Your answer should hold only the lines from the start of the data below through the line with "Preview for 100", copied exactly, with pictures left out.

BEGIN GIVEN MATERIAL

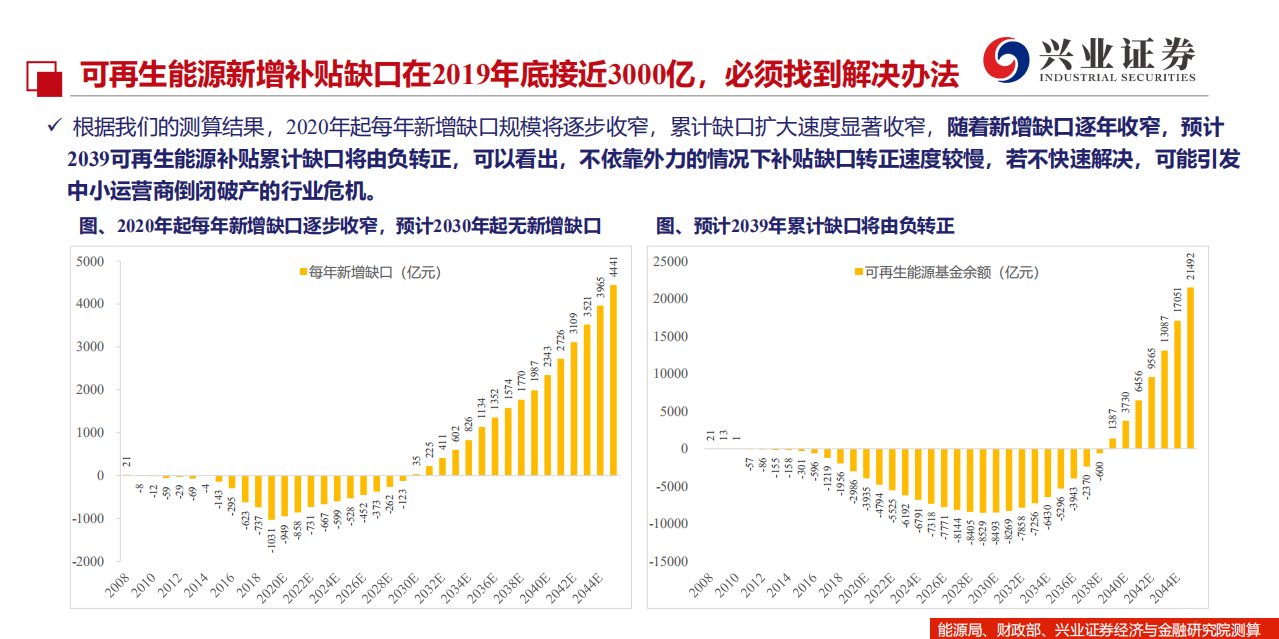 电力设备新能源行业：国补欠账有望还清，全行业料步入价值重估区间-20200803.pdf 第6页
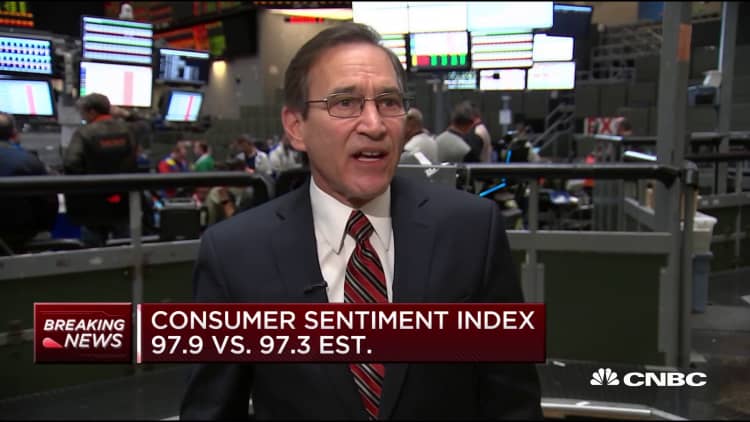 Consumer sentiment, business inventories beat expectations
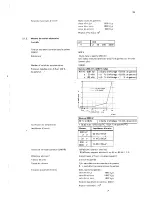 Preview for 100 page of Philips pm2521 Operating Manual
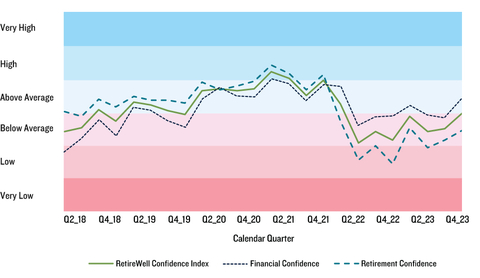 PGIM RetireWell Confidence Index: Using the Prudential financial wellness assessment, the current question used to estimate financial confidence asks respondents, “Overall, how are you feeling about your finances?” while the retirement confidence question asks, “Do you think you’ll have enough savings for the retirement you want?” The PGIM RetireWell Confidence Index is the average of the financial confidence score and the retirement confidence score. (Graphic: Business Wire)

END GIVEN MATERIAL

> **EXPECTED OUTPUT**:
 电力设备新能源行业：国补欠账有望还清，全行业料步入价值重估区间-20200803.pdf 第6页
 Consumer sentiment, business inventories beat expectations
 Preview for 100 page of Philips pm2521 Operating Manual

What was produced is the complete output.